>The declaration by the US Treasury Department and the Internal Revenue Service (IRS) came in the release of IRS Notice 2005-1 , which provides a variety of details about the new rules for NQDC plans. The rules are part of a new IRS Code Section 409(a), which asserts that, except for the “substantial forfeiture” issue and unless specified requirements are met , all amounts deferred under a NQDC are currently includible in gross income and, therefore, taxable. The new section grows out of Section 885 of the recently enacted American Jobs Creation Act of 2004 (See American Jobs Creation Act Includes Non Qual Changes ).
>Monday’s guidance release follows Congressional mandates for the Secretary of the Treasury to put out additional details on the termination and amendment of certain nonqualified deferred compensation arrangements as well as to define a change in ownership or control. In addition, the guidance defines the arrangements that will be considered deferred compensation subject to the new rules and outlines the new reporting and employment tax obligations of employers in connection with the new provisions.
“Given the significant changes that section 409(a) will require for nonqualified deferred compensation plans, we developed this guidance being mindful to avoid establishing rules that could become traps for the unwary,” said IRS Chief Counsel Donald Korb in a Treasury Department statement .
>The new guidance come at a time when NQDC programs seem positioned to emerge as the executive compensation program of choice for many companies (See Non-Qual Plans Blossoming In Popularity ). With the recently released stock-option expensing rules from the Financial Accounting Standards Board (FASB) (See FASB Releases Stock Option Expensing Rule ), “Stock options are no longer as attractive,” noted Tom Johnson, of MassMutual in an interview with PLANSPONSOR. “Cash is back to being more valuable than stock and the logical place to pick up the slack is deferred compensation.”
>Provisions included in the government document released Monday include:
- a definition about when a deferred amount is subject to a substantial risk of forfeiture. Namely, “entitlement to the amount is conditioned on the performance of a substantial future services by any person or the occurrence of a condition related to a purpose of the compensation and the possibility of forfeiture is substantial.” The government said an amount will not be considered subject to a substantial risk of forfeiture beyond the date or time at which the recipient otherwise could have elected to receive the amount of compensation, unless the amount subject to a substantial risk of forfeiture (ignoring earnings) is materially greater than the amount the recipient otherwise could have elected to receive.
- a discussion about when payments will be permitted in a corporation’s effective change in ownership or effective control. The IRS document said the change in control event must be “objectively determinable and any requirement that any other person, such as a plan administrator or board of directors compensation committee, certify the occurrence of a Change in Control Event must be strictly ministerial and not involve any discretionary authority.” What constitutes a change of ownership? According to the IRS guidance, it is “a change in the ownership of a corporation (that) occurs on the date that any one person or more than one person acting as a group acquires ownership of stock of the corporation that, together with stock held by such person or group, constitutes more 50% of the total fair market value or total voting power of the stock of a corporation.”

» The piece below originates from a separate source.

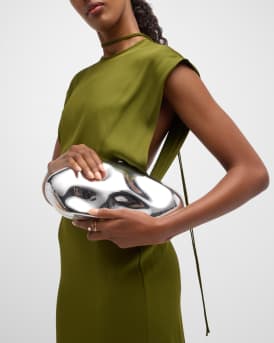 The Caldera Metallic Clutch Bag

- definitions of “change in the effective control of a corporation” and of “a change in the ownership of a substantial portion of a corporation’s assets.”
- the conditions under which a plan may permit the acceleration of the schedule of any plan payment. Except for the circumstances specified by the government, a NQDC may not allow plan payment acceleration, the document said.
- the effect of the near 409(a) section on 457 plans.
- effective dates for the new rules. The new IRS Section 409(a) applies to amounts deferred on or after January 1, 2005, subject to several special effective date rules, the government statement said.